_Aim of the exercise_: Pictures excluded, reproduce exactly the lines below from the one with "Y&F Kids Olive" through the one with "pink cold shoulder", both included.

Start of Records shown

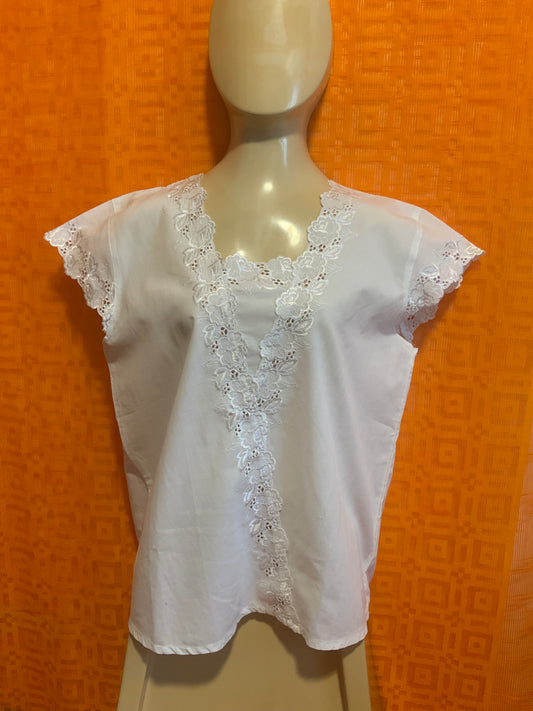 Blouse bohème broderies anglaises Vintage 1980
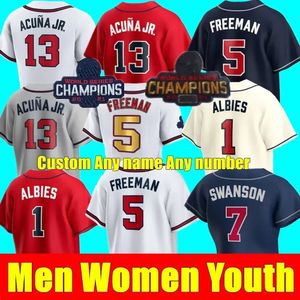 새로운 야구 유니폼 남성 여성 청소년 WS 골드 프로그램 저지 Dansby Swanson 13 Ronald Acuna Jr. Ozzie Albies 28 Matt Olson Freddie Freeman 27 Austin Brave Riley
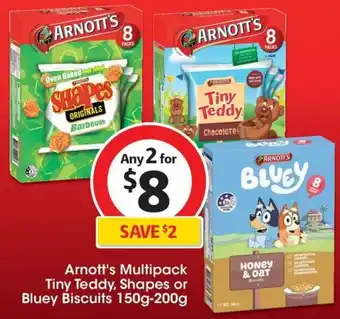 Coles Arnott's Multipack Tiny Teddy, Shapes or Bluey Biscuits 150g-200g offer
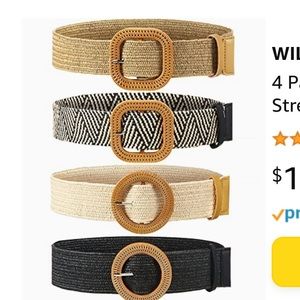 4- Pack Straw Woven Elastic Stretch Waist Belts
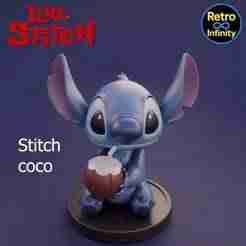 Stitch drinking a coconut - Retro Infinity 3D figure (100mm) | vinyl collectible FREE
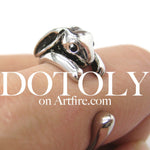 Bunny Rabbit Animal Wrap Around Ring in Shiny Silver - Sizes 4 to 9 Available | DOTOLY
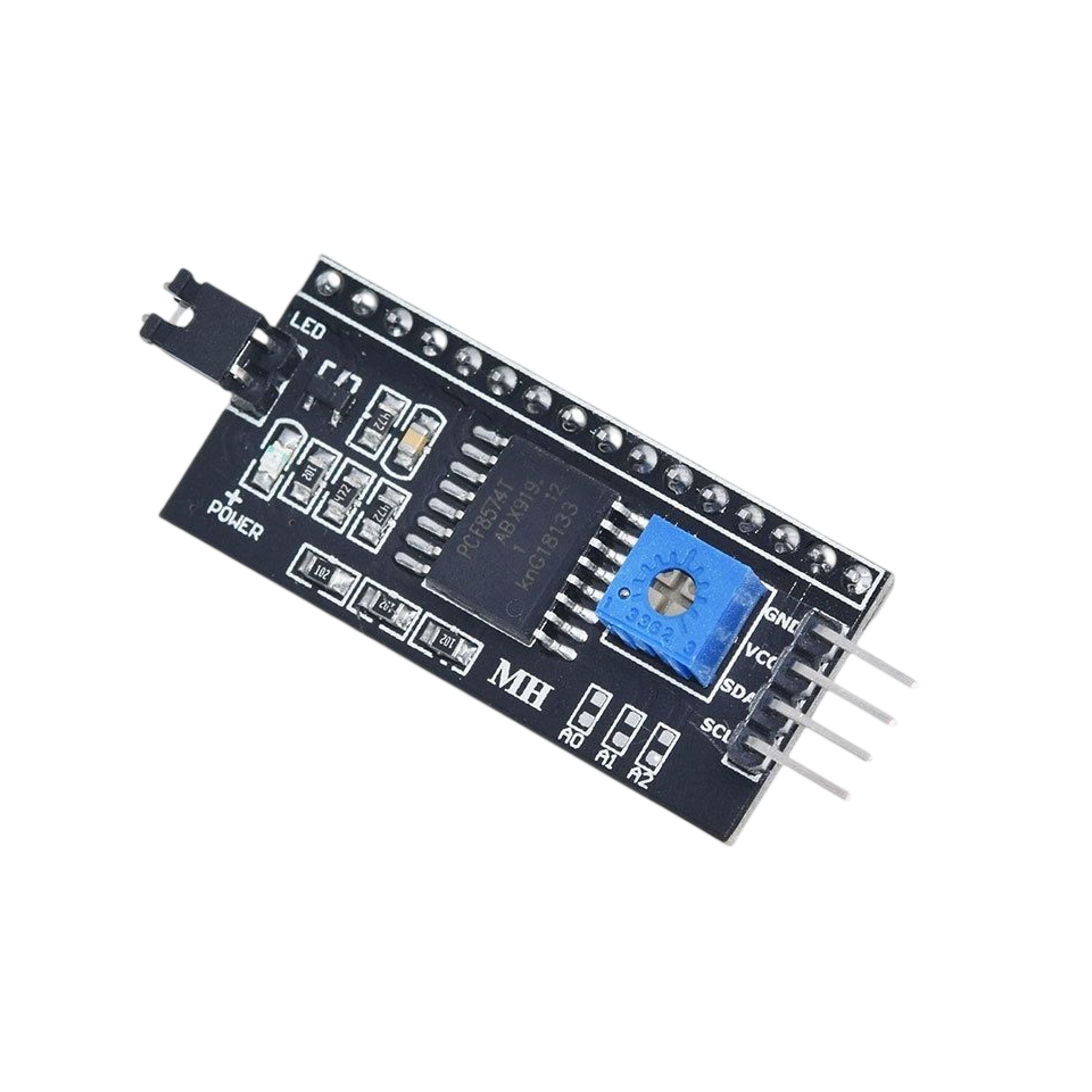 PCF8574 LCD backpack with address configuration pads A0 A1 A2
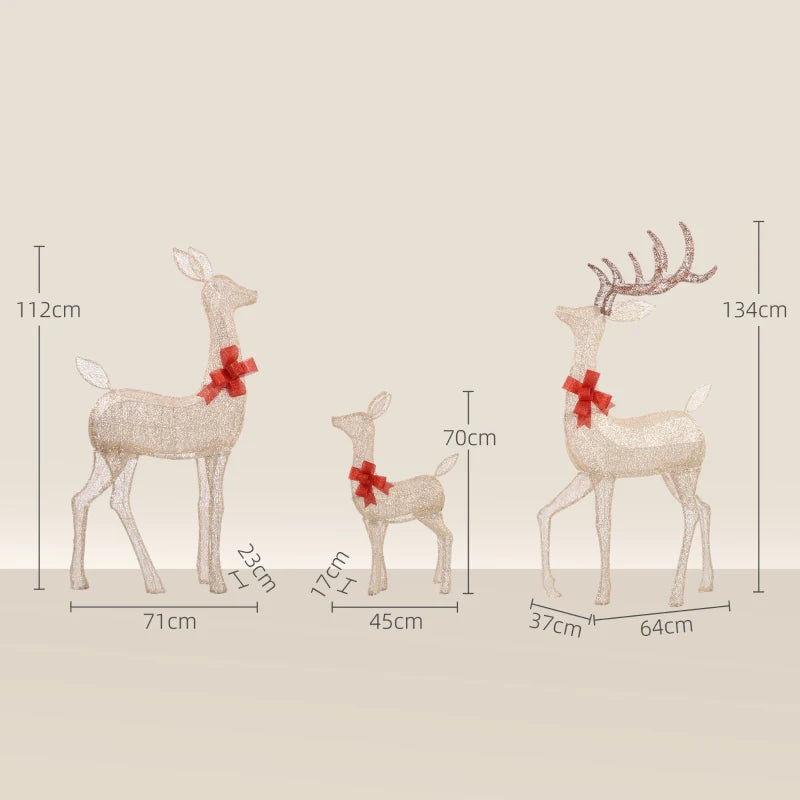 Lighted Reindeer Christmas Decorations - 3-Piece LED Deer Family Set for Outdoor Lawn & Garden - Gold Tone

End of Records shown
Start of Records shown

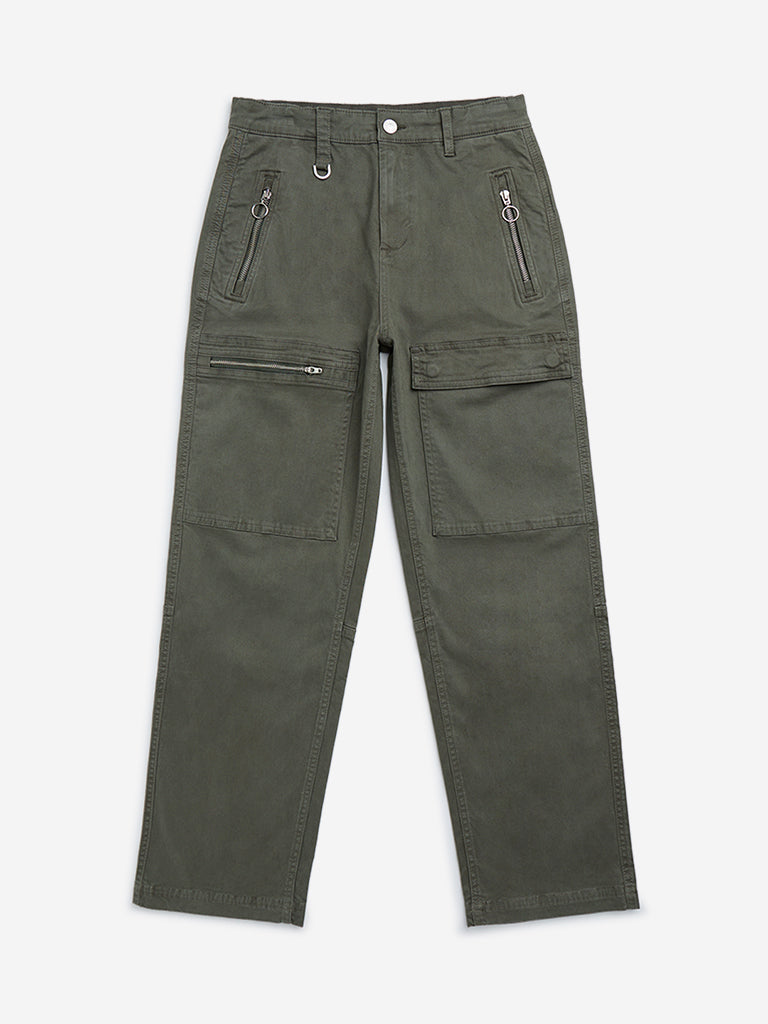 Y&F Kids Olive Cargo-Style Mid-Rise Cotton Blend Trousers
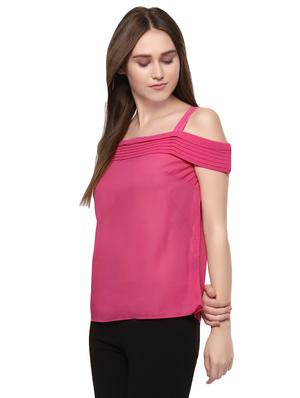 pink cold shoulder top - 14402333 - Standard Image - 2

End of Records shown

_Exercise result_:
 Y&F Kids Olive Cargo-Style Mid-Rise Cotton Blend Trousers
 pink cold shoulder top - 14402333 - Standard Image - 2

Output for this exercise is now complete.